DATA TO USE START

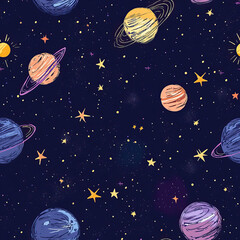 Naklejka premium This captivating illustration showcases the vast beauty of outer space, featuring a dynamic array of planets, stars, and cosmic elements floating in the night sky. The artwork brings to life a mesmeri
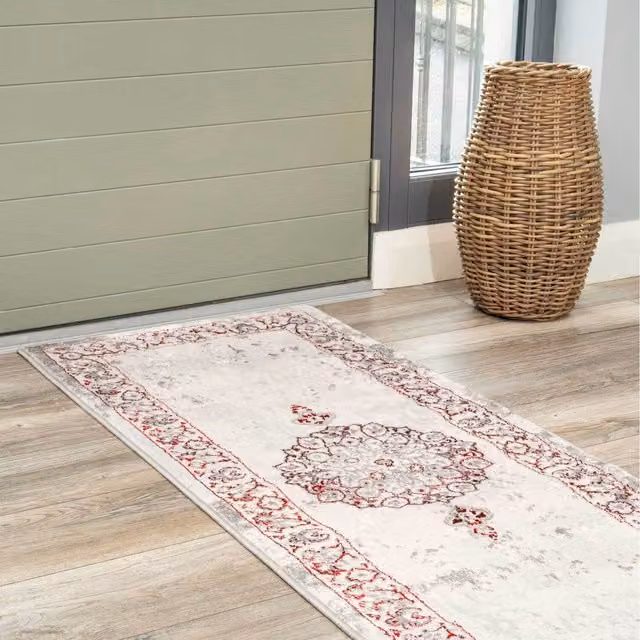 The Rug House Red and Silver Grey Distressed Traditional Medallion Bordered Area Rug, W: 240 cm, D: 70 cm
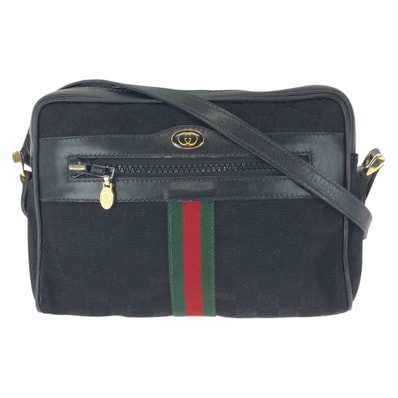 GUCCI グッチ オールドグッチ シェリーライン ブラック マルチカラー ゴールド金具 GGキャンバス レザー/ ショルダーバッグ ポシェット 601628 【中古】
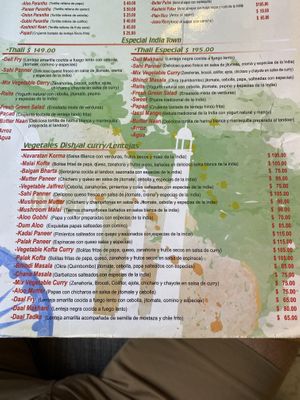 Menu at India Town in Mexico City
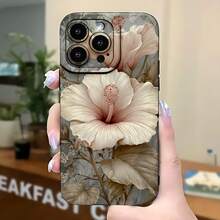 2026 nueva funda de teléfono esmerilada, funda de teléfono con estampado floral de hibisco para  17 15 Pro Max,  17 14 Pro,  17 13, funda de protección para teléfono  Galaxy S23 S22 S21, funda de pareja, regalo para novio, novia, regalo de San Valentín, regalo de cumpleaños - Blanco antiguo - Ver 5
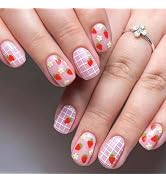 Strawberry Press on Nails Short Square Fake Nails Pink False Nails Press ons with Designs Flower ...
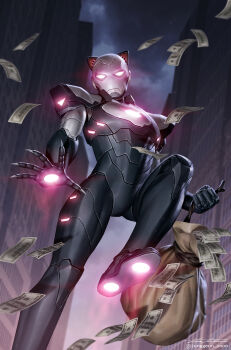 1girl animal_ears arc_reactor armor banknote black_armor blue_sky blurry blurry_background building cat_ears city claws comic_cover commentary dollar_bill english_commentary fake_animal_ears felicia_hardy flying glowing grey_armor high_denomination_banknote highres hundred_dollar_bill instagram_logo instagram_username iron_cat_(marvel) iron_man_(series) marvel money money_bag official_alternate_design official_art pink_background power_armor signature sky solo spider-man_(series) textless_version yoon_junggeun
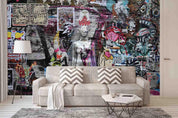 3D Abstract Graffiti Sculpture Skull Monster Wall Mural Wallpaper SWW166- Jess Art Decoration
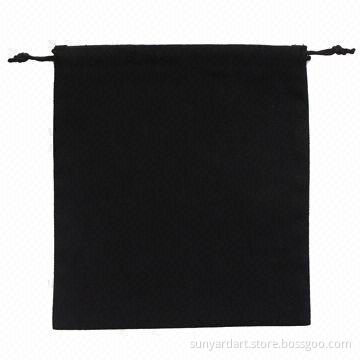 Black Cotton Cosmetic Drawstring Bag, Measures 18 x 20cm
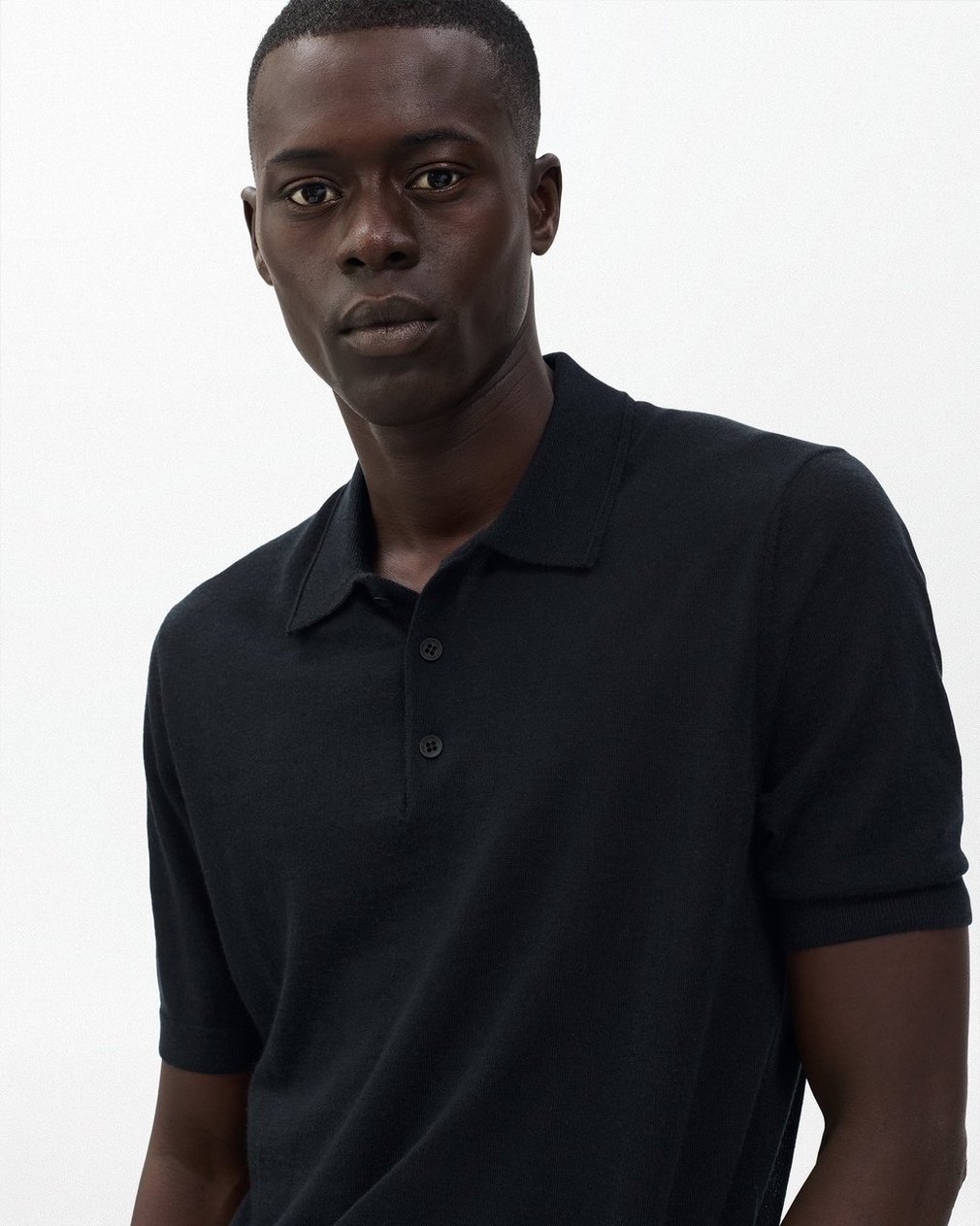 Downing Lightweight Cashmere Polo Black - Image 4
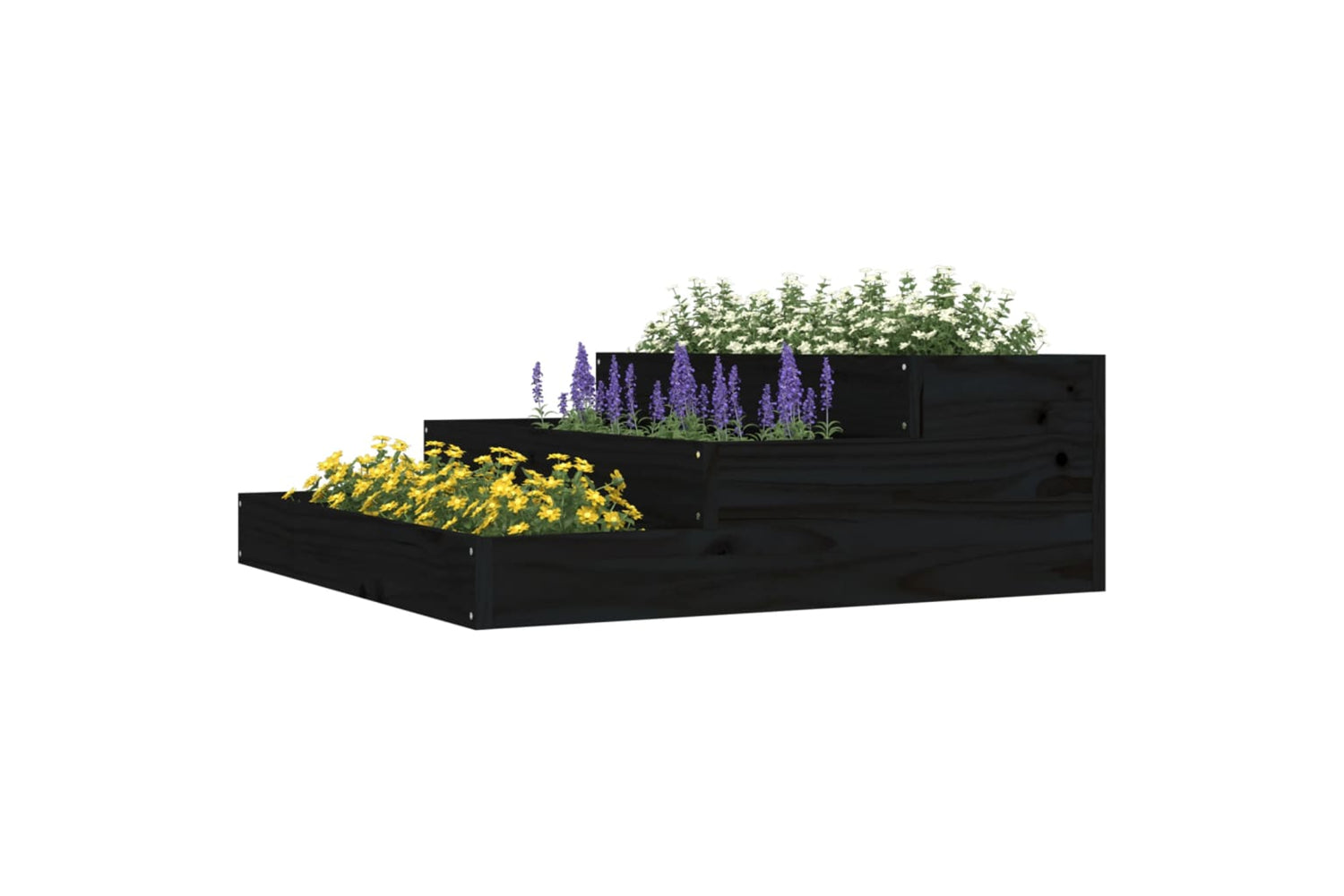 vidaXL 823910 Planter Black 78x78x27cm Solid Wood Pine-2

DATA TO USE END

The output is the records exactly as they read, with no pictures in it.

◆ **RESULT FOR THIS EXERCISE**
 Naklejka premium This captivating illustration showcases the vast beauty of outer space, featuring a dynamic array of planets, stars, and cosmic elements floating in the night sky. The artwork brings to life a mesmeri
 The Rug House Red and Silver Grey Distressed Traditional Medallion Bordered Area Rug, W: 240 cm, D: 70 cm
 GUCCI グッチ オールドグッチ シェリーライン ブラック マルチカラー ゴールド金具 GGキャンバス レザー/ ショルダーバッグ ポシェット 601628 【中古】
 Menu at India Town in Mexico City
 2026 nueva funda de teléfono esmerilada, funda de teléfono con estampado floral de hibisco para  17 15 Pro Max,  17 14 Pro,  17 13, funda de protección para teléfono  Galaxy S23 S22 S21, funda de pareja, regalo para novio, novia, regalo de San Valentín, regalo de cumpleaños - Blanco antiguo - Ver 5
 Strawberry Press on Nails Short Square Fake Nails Pink False Nails Press ons with Designs Flower ...
 1girl animal_ears arc_reactor armor banknote black_armor blue_sky blurry blurry_background building cat_ears city claws comic_cover commentary dollar_bill english_commentary fake_animal_ears felicia_hardy flying glowing grey_armor high_denomination_banknote highres hundred_dollar_bill instagram_logo instagram_username iron_cat_(marvel) iron_man_(series) marvel money money_bag official_alternate_design official_art pink_background power_armor signature sky solo spider-man_(series) textless_version yoon_junggeun
 3D Abstract Graffiti Sculpture Skull Monster Wall Mural Wallpaper SWW166- Jess Art Decoration
 Black Cotton Cosmetic Drawstring Bag, Measures 18 x 20cm
 Downing Lightweight Cashmere Polo Black - Image 4
 vidaXL 823910 Planter Black 78x78x27cm Solid Wood Pine-2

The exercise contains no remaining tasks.